La falta de acuerdo en el alcance del currículum transversal resulta de las diferentes aproximaciones al problema. Por ejemplo, González Lucini propuso una aproximación humanista centrada en valores, Yus Ramos consideró en esta parte valoral y estructural tiene un inevitable trasfondo ideológico. Moreno Merimón apeló a una interpretación desde la historia. Así, por un lado, se vincula ética y educación, confiándole a la escuela la tarea de ayudar a los estudiantes a construir un proyecto de vida positivo, Por otro se aplica la crítica a las instituciones y se señala que la escuela pregona valores que no caben en la vida cotidiana, lo cual deriva en la formación de “ciudadanos indeseables” o disfuncionales en sociedad. Y una serie de posturas conciliadoras y eclécticas que van de la educación vista como acción humanizadora a la crítica de la escuela como espacio con valores y reglas que no funcionan en la realidad.

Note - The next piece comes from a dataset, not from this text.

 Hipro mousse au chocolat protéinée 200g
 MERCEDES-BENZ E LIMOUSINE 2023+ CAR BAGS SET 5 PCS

El debate sobre la transversalidad sigue vivo y está lejos de la nimiedad. Si bien es imposible el regreso de los enciclopedistas, es necesario que los ciudadanos del siglo XXI no limiten su visión. Que aborden los problemas en redes. Que triangulen las miradas conscientes de que las situaciones complejas no se resuelven con reducciones ni respuestas simples. Para ello es menester formar a los estudiantes, no hay duda. Al profesorado, desde luego. Pero también a quienes se encargan de la gestión académica, los que diseñan y aprueban políticas públicas. A los excluidos y a los que excluyen. A los que ganan y a los que pierden con la corrupción y la opacidad.
La tarea de la sociedad (incluida la escuela) es formar, no sólo informar sobre cuestiones éticas, ambientales, de salud y sexualidad, de igualdad de oportunidades y legalidad. La tarea es importante y urgente: no se puede postergar.